Wednesday, December 5, 2007


A good friend from Disney Imagineering sent a list of trends in the architectural and building market. The list was developed by The Greenway Consulting Group.

During the same week another friend and president for a national design firm copied me on the following note:

Jim, In the cab en route to join you today. Looking forward to it. Meanwhile, it occurs to me what a potential serendipity between the Design Futures Council and mindshift might have. Rex, please hit Jim’s at www.greenway.us. You’ll be impressed with how Jim’s organization is dealing with the same issues we discussed yesterday.
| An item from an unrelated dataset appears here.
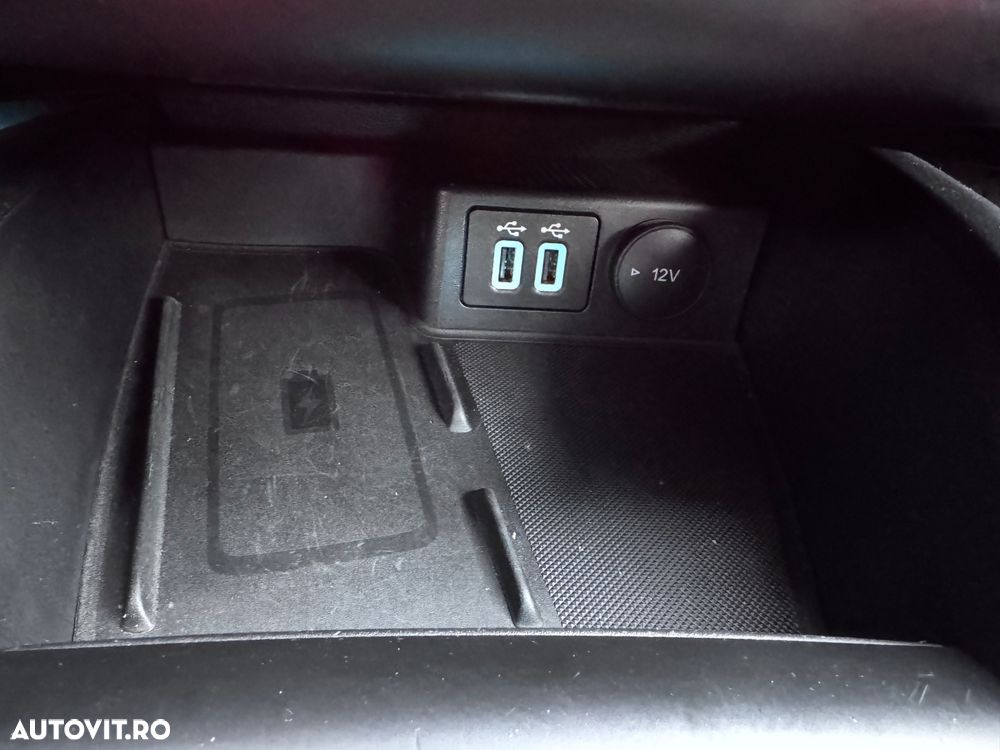 Ford Focus 1.5 EcoBlue Connected - 23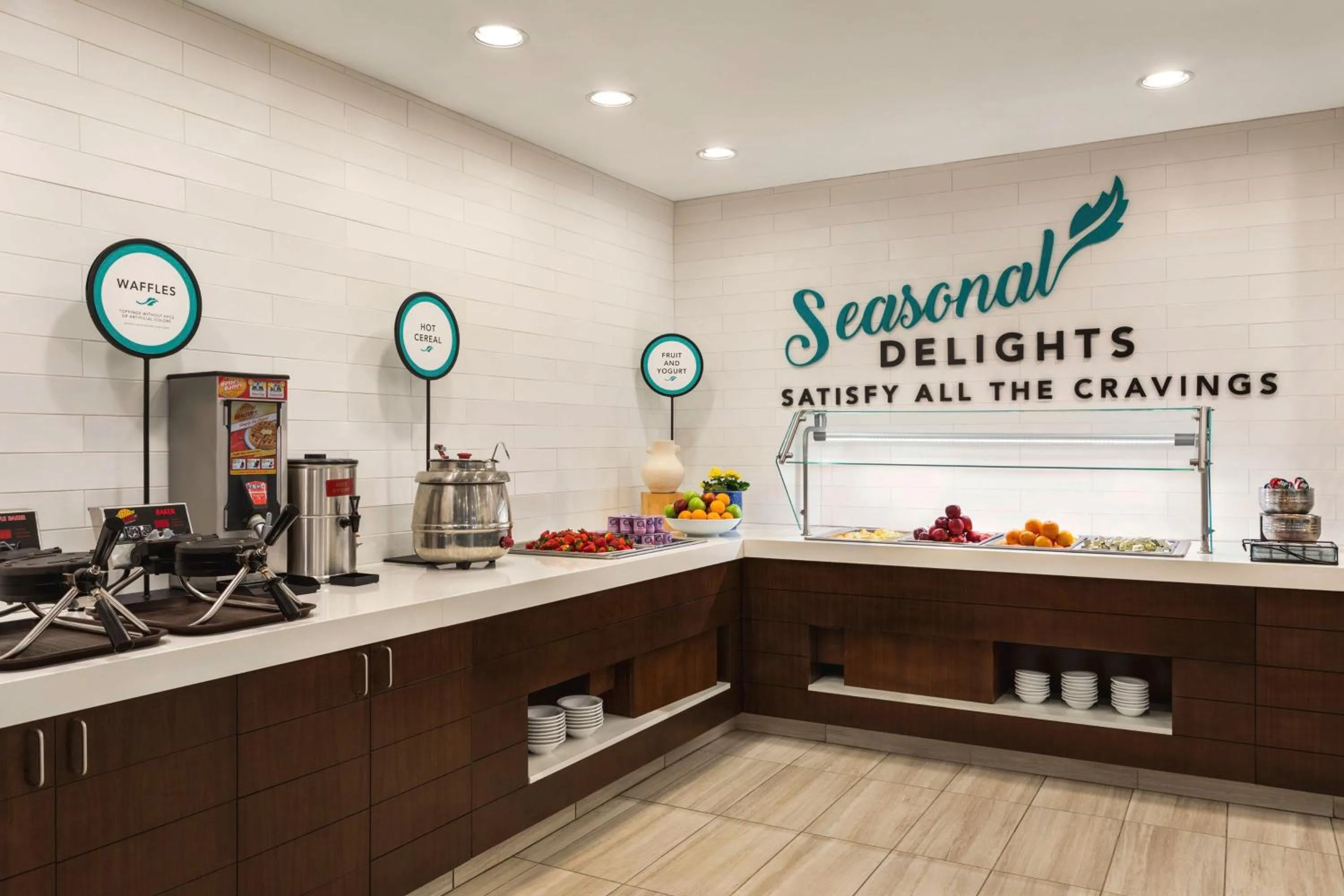 Breakfast in Embassy Suites by Hilton Kansas City Overland Park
Here are some of those trends:

Design-Build service delivery will grow at 2.1 - 2.8 percent annual rate in the US but with significant variations depending on geography and building type. This will substantially affect issues of risk management, since so many formerly competitive entities will be linked by contractual bonds. Essentially this is a “master builder” trend.

Integrated and more overtly collaborative professional practices can be expected in planning, architecture, interior design, engineering, landscape architecture, construction, and facility management. Project management will be enhanced through round the clock web sites with new procedures, protocols, and processes.

Talent shortages will intensify in architecture, design, engineering, construction, and landscape architecture. Supply-demand economics raises base pay by an average of 6.7 percent in 2007 and 6.1 percent in 2008.

The continued, rapid, adoption of BIM Technology will proceed with significant new training programs and expansions implemented in late 2007 and 2008.

Demographics and generational changes will alter the context for professional service delivery, creating a need for new communication plans, new marketing programs, and new design experiences. The generational divide requires new design solutions: 0-10 Digital from Birth; 11-30 Generation Now; 31-40 Generation X; 41-60 Zoomers; 61+ Prime Timers.

Significant process differentiation in project and design management will lead to trademark and branding campaigns. Design firms will use copyright and trademark differentiation as part of their new value proposition’s high definition.

Fast architecture models will be adopted by traditional firms. Speed is a strategic value proposition and firms will invent ways to deliver, proving that speed is not the enemy of quality.

Knowledge worker migration favors coastal, southern, and western geographies in the United States. Expect merger and acquisition activity to aggressively include firms in these locations where a workforce is motivated to locate.

Green and sustainable design is sought after by clients who are increasing the expectations for expertise and advisement in the design professions. Firms without green repute will become anti-strategic in the marketplace.

Strategic partitioning, modular structures, and factory built units will see increasing investments and are expected to play a far larger role in housing, retail, residential, manufacturing, and K-12 facilities construction. One of the legacies of hurricane Katrina is the accelerated growth and popularity of increasingly well designed modular building.

Professional workers from other external knowledge professions will enter the design professions serving in expert roles, especially in healthcare design, and education design. In addition, watch for anthropologists, real estate developers, and college presidents to join the boards of top design and construction firms.

Lifecycle design will become a dynamic new service offering for professional practices that will take contractual responsibility for structures over their useful life. Clients understand that taking care of their buildings is a smart investment and who better than the original designers to take responsibility for the buildings stewardship.

Generalist practitioners will fade from the professions. Interviews with 250 leading North American clients indicate that specializations will grow because clients seek:
  • Deep expertise and competence
  • Repute by building type
  • Trust and confidence in a specialized zone
  • Familiarity and comfort
Outsourcing will increasingly become prevalent and prescient, particularly in India where language and training match with quality expectations. India is second only to Canada in their application of LEED building standards.

Intelligent buildings will become the norm. They will anticipate, have “smart” walls and floors, and be constructed with computerized components that will utilize artificial intelligence in every aspect of the building.

Zero energy buildings will be created that produce more energy than they consume. Watch for corporate offices and high-density residences that serve as neighborhood power plants using latest in sustainable technology. Pearl River Tower, at 77 stories, is both office and power plant – giving back energy to the grid.

Thanks largely to BIM, there will be radical tort reform in construction liability. Expect lower E and O insurance premiums.

Intelligence, talent, wisdom, maturity of judgment, and vision – not licensure or technology, become the primary differentiators for design professionals seeking best practice performance. But licensure is critical to HSW in increasingly uncertain times.